Les armes juridiques des Etats-Unis contre les entreprises du vieux continent
Dans les échanges et relations commerciales, les parangons du libéralisme ont mis au point des règlements qui leur permettent d’avantager sans recours leurs banques et leurs entreprises au détriment de celles des autres pays. Et leurs volumes financiers, industriels et commerciaux sont tels qu’ils sont craints par tous leurs partenaires. Les députés français Pierre Lellouche (LR) et Karine Berger (PS) tous deux « plutôt favorables à l’Amérique », ont mené une mission d’information sur « l’Exterritorialité de la législation américaine » dont le rapport très intéressant a été publié le 5 octobre. Les media, peut-être rebutés par un titre austère, en ont peu fait état.

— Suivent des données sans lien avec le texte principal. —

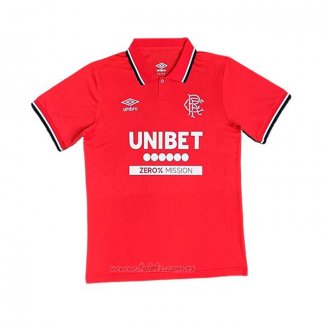 Camiseta Rangers Special 2025-2026 Rojo Tailandia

Qu’en est-il ? Comment l’Amérique peut-elle imposer son droit ? Un droit qui se réclame directement de la morale protestante et « qui s’impose dans le droit international sans quasiment susciter de résistance ? » (Valérie Segond). Les États-Unis, comme la France, ont depuis longtemps, étendu leur autorité au-delà de leurs frontières, pour des faits ayant des effets sur leur sol, ou commis par des nationaux à l’étranger ou portant atteinte à leur « sécurité nationale ». Ce dernier prétexte est souvent invoqué pour voter les régimes d’embargo contre les « Etats ennemis ». Depuis 2010 (Patriot Act), la notion a été copieusement élargie à tout ce qui est censé pouvoir menacer le système économique et financier mondial « dont dépendent la prospérité et la croissance ». Ce qui ressemble beaucoup à une compétence universelle. Depuis la crise des « subprimes », les Etats-Unis ont durci, à l’encontre des entreprises étrangères, des lois anciennes contre la corruption internationale et le blanchiment d’argent. Ce qui a débouché sur des poursuites visant la sincérité des comptes de sociétés telles que Alcatel-Lucent, Alstom, Total, Technip. Ou à propos de « violation d’embargo, comme BNP Paribas : cette banque accusée d’avoir financé, depuis la Suisse, des opérations commerciales avec des partenaires basés à Cuba, en Libye, au Soudan, en Iran, a dû payer des pénalités de 8,9 milliards de dollars ! Désormais les États-Unis disposent de sources innombrables de renseignements. Toutes les données numériques notamment françaises sont sur des serveurs américains. De plus, ils ont organisé une sorte de chasse aux supposés coupables. Une chasse avec des grosses primes. Selon la loi Dodd-Frank, il est reversé aux « lanceurs d’alerte » qui dénoncent telle ou telle société étrangère, entre 10 et 30 % des sanctions !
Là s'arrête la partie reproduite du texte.